Vitlan memalingkan wajah ke samping dan ia berusaha menyapa ketika ia tahu siapa yang datang, namun tidak jadi dilakukannya, karena mendapat isyarat dari sang perwira. Sang perwira menggamit aparat yang duduk tadi ke luar ruangan, dan tak berapa lama kemudian aparat yang memeriksa Vitlan tadi masuk lagi.

”Untuk sementara pemeriksaan hari ini selesai dan akan dilanjutkan lagi nanti. Sekarang saudara boleh pulang,” jelas aparat.

”Terima kasih Pak, permisi,” kata Vitlan sembari keluar dari ruangan tersebut.
Vitlan berusaha menolak tawaran aparat untuk mengantarnya pulang dengan mobil jip yang membawanya tadi, dan memilih naik becak dayung saja.

”Cak!, becak!” teriak Vitlan memanggil sebuah becak dayung yang berjalan di seberang jalan.

Becakpun datang menghampirinya.
”Simpang Halat Bang,” kata Vitlan sembari langsung melompat ke atas besak tersebut.

Vitlan mengeluarkan bungkus rokok dari sakunya, mengambilnya sebatang dan menyulutnya.

”Merokok bang,” sapa Vitlan pada tukang becak, sembari menyodorkan bungkus rokoknya.

Tukang becak mengambil sebatang.
”Apinya bang,” pintanya pada Vitlan. Ia menyodorkan rokoknya.

”Makasih bang”, kata tukang becak sembari mengembalikan rokok kepada Vitlan.

Vitlan menghisap dalam-dalam asap rokoknya untuk menutupi kegundahan dan kegalauan pikirannya setelah diperiksa oleh aparat Koramil tadi.

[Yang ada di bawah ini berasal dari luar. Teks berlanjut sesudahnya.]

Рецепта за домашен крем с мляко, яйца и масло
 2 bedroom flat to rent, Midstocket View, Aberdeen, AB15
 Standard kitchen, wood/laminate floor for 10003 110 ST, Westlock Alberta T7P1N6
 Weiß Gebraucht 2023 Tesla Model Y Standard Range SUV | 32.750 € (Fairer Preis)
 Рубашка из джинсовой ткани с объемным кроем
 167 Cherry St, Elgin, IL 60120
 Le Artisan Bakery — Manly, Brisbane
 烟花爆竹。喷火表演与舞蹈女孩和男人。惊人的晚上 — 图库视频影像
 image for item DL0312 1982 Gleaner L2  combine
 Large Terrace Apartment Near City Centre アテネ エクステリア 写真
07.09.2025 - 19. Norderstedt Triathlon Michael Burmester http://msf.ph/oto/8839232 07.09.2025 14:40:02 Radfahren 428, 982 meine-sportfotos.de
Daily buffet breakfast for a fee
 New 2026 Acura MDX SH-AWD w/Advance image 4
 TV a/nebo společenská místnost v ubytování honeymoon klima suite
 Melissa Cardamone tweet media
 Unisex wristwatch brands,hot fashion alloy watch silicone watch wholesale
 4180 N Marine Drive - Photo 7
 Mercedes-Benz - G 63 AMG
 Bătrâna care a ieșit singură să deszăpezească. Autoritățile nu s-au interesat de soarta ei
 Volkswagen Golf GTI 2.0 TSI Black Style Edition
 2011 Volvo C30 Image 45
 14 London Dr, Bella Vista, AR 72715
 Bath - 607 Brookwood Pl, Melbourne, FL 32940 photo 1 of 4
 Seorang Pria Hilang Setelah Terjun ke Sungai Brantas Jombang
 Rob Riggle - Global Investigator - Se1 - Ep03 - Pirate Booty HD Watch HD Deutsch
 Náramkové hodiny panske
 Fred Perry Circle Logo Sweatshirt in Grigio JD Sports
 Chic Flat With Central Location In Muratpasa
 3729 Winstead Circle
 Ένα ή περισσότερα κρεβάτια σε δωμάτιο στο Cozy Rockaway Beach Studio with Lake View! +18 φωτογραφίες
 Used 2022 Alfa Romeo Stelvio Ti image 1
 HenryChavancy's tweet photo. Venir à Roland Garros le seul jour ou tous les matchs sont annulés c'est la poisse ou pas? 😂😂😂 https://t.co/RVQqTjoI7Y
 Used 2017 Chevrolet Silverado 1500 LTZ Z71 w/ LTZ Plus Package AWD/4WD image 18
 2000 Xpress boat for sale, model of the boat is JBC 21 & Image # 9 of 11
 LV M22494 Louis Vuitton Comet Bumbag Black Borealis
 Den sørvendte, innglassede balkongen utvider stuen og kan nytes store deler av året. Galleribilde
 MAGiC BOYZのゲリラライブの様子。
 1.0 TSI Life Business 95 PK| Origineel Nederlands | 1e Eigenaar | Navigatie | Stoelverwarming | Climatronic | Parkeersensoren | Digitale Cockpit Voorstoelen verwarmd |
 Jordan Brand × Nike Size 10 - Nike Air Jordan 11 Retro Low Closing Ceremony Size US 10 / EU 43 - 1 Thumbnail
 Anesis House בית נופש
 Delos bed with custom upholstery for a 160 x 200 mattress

”Sudah sampai Bang,” sapa tukang becak.

”Oohh ya …, berapa Bang,” tanyanya kepada tukang becak begitu turun dari becak.

”Terserah Abang sajalah, biasanya berapa,” jawab tukang becak.

Vitlan mengambil uang pecahan Rp.100,- dan menyerahkannya kepada tukang becak, sembari berkata,
”Ambil saja semua,” kata Vitlan.
”Makasih Bang,” balas tukang becak.

Vitlan bergegas ke rumah, dan sesampainya di depan rumah, dilihatnya Mak sedang bercakap-cakap dengan Mayor Sihombing. Begitu melihat Vitlan, Mak langsung berdiri menyongsong dan memeluk Vitlan.

”Syukurlah Waang sudah pulang Lan,” kata Mak, sambil mengusap-usap kepala Vitlan.
”Awak maghrib dululah ya Mak, Bang,” pinta Vitlan kepada Mak dan Mayor Sihombing, sambil berlalu ke dalam.